[[ Provided material, beginning ]]

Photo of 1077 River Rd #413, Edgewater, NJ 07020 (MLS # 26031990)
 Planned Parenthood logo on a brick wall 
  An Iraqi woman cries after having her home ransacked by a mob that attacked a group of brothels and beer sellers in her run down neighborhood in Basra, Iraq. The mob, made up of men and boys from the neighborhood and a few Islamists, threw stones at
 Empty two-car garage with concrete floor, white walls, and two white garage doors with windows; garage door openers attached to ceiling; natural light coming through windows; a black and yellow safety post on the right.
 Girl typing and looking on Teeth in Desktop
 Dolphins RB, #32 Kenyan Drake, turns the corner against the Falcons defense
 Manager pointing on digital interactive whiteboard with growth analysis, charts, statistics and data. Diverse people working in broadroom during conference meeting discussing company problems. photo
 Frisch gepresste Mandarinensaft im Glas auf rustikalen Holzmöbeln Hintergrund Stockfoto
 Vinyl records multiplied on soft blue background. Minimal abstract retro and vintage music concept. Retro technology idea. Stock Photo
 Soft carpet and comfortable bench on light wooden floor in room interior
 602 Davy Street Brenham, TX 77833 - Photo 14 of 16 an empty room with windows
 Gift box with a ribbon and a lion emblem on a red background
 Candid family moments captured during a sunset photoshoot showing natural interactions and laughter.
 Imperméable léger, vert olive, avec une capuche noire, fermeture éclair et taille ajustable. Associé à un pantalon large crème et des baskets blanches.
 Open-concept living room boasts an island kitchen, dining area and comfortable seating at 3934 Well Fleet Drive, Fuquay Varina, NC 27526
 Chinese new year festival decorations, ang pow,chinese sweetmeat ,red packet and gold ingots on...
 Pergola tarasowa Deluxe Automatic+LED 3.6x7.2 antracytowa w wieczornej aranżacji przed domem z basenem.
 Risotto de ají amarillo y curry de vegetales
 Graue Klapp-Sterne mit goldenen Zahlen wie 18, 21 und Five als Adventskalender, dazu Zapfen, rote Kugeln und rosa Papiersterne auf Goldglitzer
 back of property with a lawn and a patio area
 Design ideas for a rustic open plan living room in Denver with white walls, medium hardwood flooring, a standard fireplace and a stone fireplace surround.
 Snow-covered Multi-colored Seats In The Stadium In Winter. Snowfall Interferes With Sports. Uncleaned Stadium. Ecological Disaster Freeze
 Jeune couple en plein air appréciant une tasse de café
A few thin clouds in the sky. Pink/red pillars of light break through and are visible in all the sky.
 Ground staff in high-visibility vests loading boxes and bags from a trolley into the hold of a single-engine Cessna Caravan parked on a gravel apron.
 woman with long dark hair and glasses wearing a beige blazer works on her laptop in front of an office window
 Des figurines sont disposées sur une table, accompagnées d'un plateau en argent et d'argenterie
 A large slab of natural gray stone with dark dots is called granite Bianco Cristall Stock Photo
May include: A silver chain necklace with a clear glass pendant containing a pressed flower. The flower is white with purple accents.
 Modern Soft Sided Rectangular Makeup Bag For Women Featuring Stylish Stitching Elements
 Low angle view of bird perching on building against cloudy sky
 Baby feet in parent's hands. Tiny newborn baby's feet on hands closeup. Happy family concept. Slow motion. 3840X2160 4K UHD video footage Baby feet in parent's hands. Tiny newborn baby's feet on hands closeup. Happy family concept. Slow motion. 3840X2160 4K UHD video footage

[[ Provided material, end ]]

Required work
Beginning with the line that has "Snow-covered Multi-colored Seats" and ending with the line that has "Jeune couple en", set down the lines above exactly and include no others.

Worked solution
 Snow-covered Multi-colored Seats In The Stadium In Winter. Snowfall Interferes With Sports. Uncleaned Stadium. Ecological Disaster Freeze
 Jeune couple en plein air appréciant une tasse de café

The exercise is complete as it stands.